By Jeff Strong

A noise gate is basically the opposite of the limiter. Rather than limiting how loud a note can get, the gate limits how soft a note can get. The gate filters out sound below the threshold while allowing notes above it to pass through unaffected.

Gates are useful to filter out unwanted noise that may be present in the recording environment. A classic place to use gates is when you record drums. You can set the gate to filter any sound (other drums for instance) except for the sounds resulting from the hits to the particular drum that you have miked.

The following settings are similar to the ones for compressors/limiters:

  • Threshold: The threshold sets the level (in dB) at which the gate opens (stops filtering the signal). The gate allows all signals above the threshold setting to pass through unaffected, whereas signals below the threshold setting are reduced by the amount set by the range control.

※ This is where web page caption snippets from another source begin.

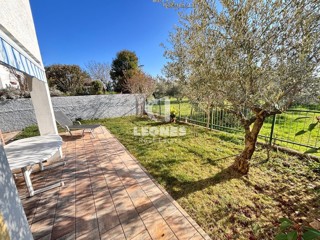 Apartma na odlični lokaciji blizu morja in vseh storitev v Novigradu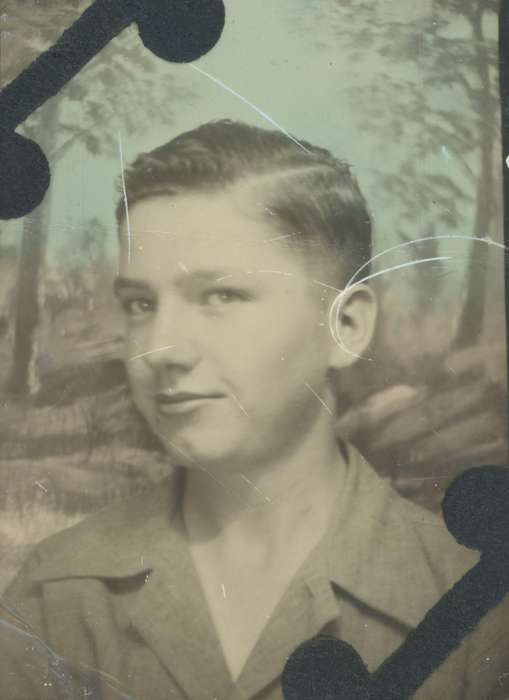 Kral, Ty, ia, boy, Iowa, history, Portraits - Individual, Photos, painted backdrop, Children, historic, United States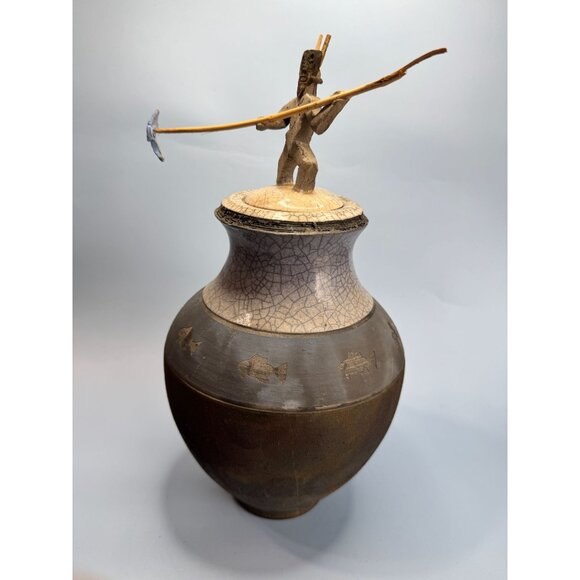 Signed Raku Tribal Pottery Sculpture Jar Spear & Fish Motif By Dickason 1993 - Picture 10 of 13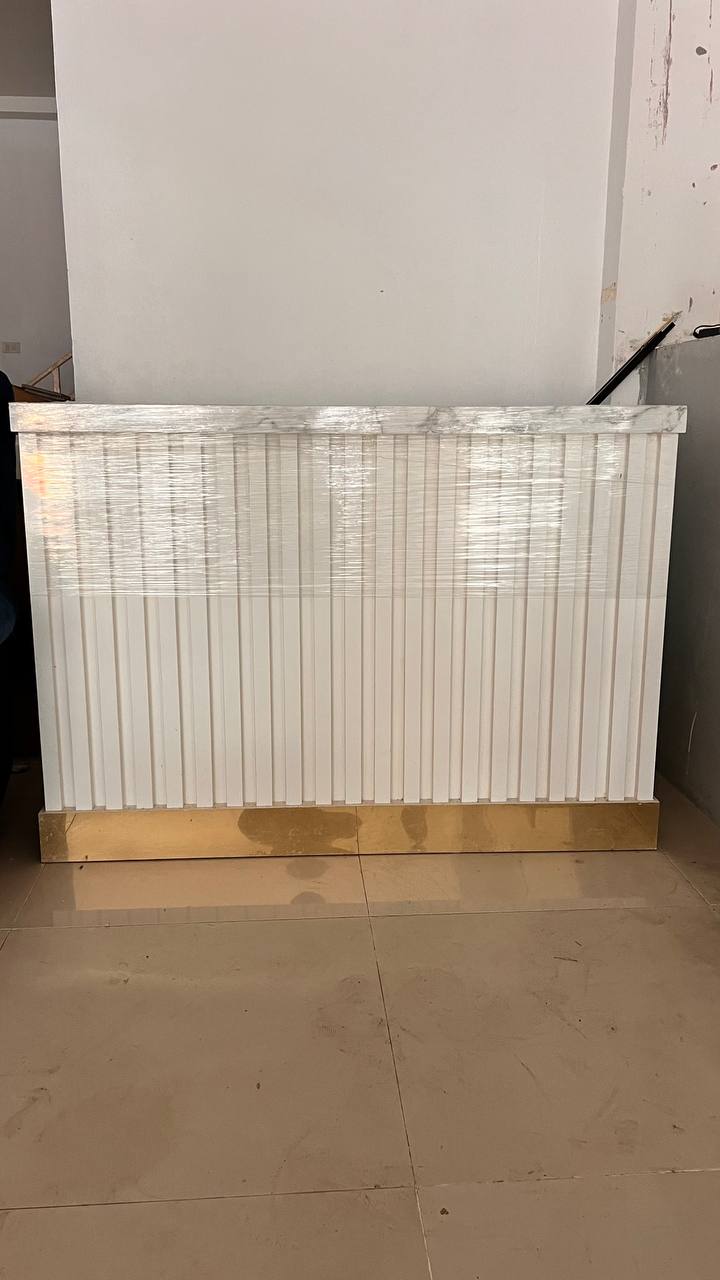 Продажа кресла и стойки ресепшен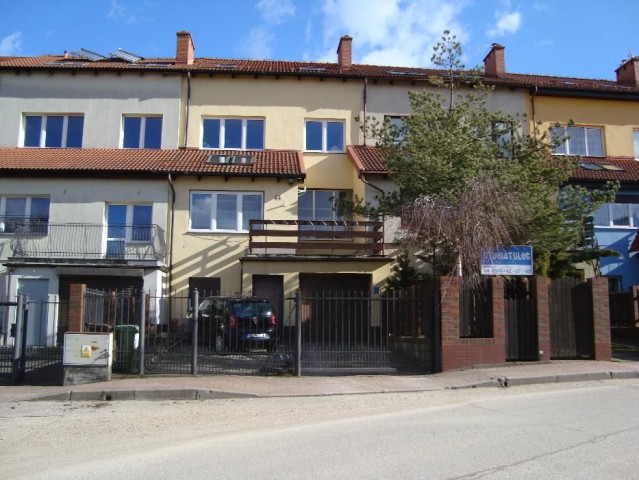 dom szeregowy, 6 pokoi Gdańsk Chełm, ul. prof. Romana Lipowicza. Zdjęcie 1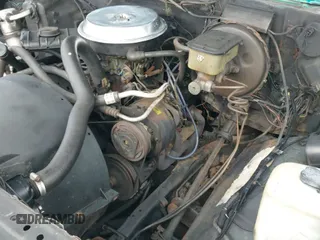 1986 Chevrolet Silverado 1500 z VIN 1GCDC14NXGF330448, wystawiony jako IAAI lot #42411862 z przebiegiem 999 mil mil oraz . Historia ofert i sprzedaży dostępna na DreamBid. Obrazek 15.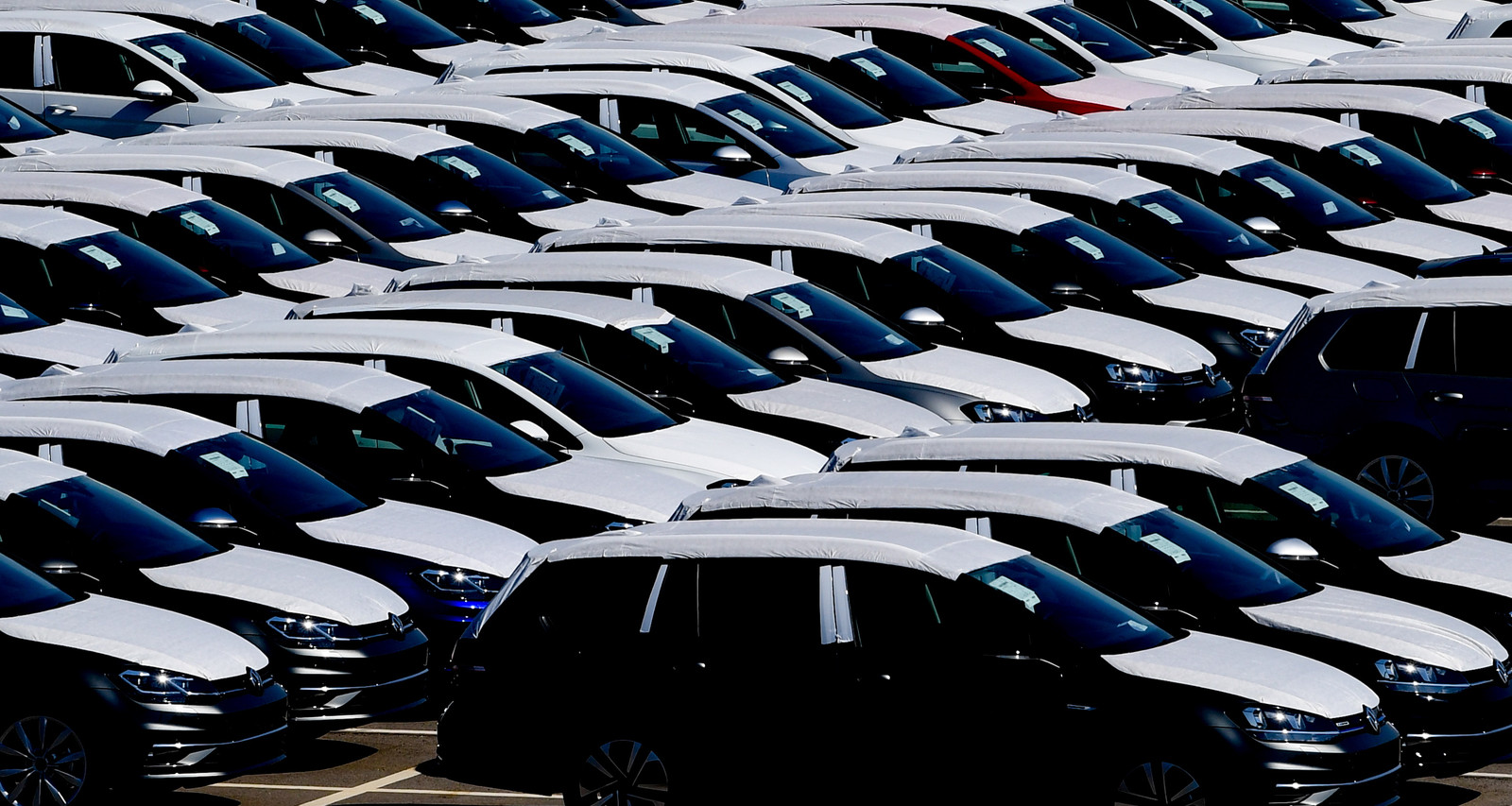 De Europese auto-industrie ligt plat. Nederlandse toeleveranciers hebben daar veel last van.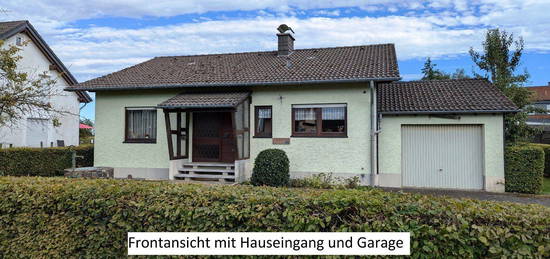 Einfamilienhaus Bungalow m. Keller Garage und Garten in der Eifel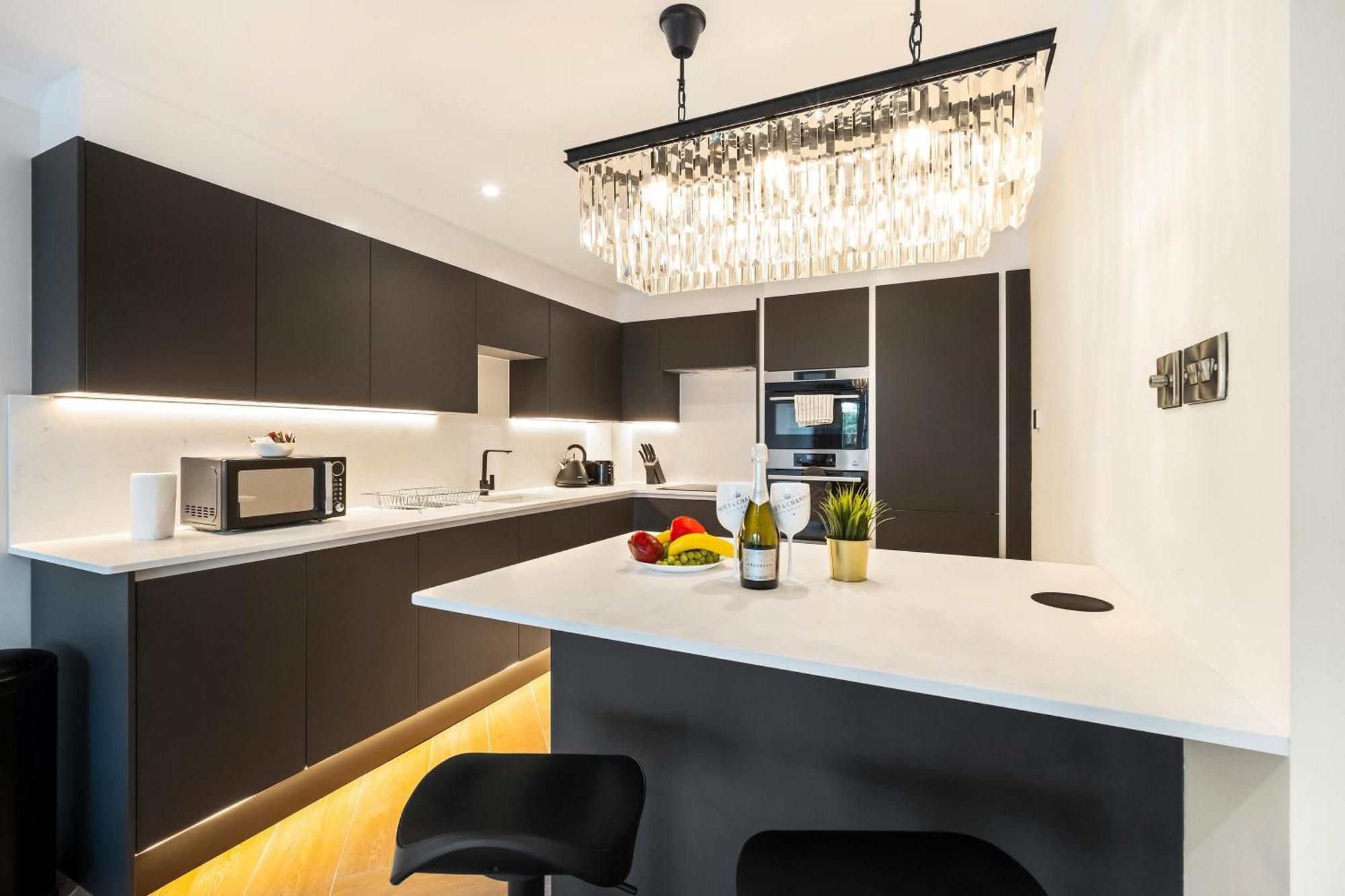 Apartment Luxury 3 Bedroom Penthouse - City Centre - Terrace - Hot Tub - Gym - 21mb *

  • Attack: As with the compressor/limiter, the attack time sets the rate at which the gate opens (in milliseconds). Fast attacks work well for instruments with, well, fast attacks, such as drums, whereas slow attacks are better suited for instruments with slow attacks, like vocals.

    For the most part, try to match the gate’s attack time with that of the instrument you’re gating. If you don’t do this well, you may hear a click when the signal crosses the gate’s threshold. This is generally a result of having the attack set too slow for the instrument. Adjust the attack time until this click goes away.

  • Hold: The hold setting controls the amount of time that the gate stays open after the signal drops below the threshold. After the hold time is reached, the gate closes abruptly. This parameter is listed in milliseconds (ms). The hold parameter allows you to get the gated drum sound that was so popular in the 1980s (Phil Collins, anyone?).

  • Release: The release setting dictates the rate at which the gate closes after the signal hits the threshold (listed in milliseconds). Unlike the hold feature, the release setting doesn’t close abruptly; rather, it slowly closes (according to the release setting). This produces a more natural sound.

    You should set the release time so that it matches the natural decay time of the instrument. Otherwise, you can get a clipped-off sound. (If you want the clipped-off sound, use the Hold feature.)

  • Range: The range is similar to the ratio setting on the compressor except you choose the amount (in dB) that you want the gate to attenuate (reduce) the signal. For example, a setting of 40dB drops signals below the threshold setting by 40 decibels.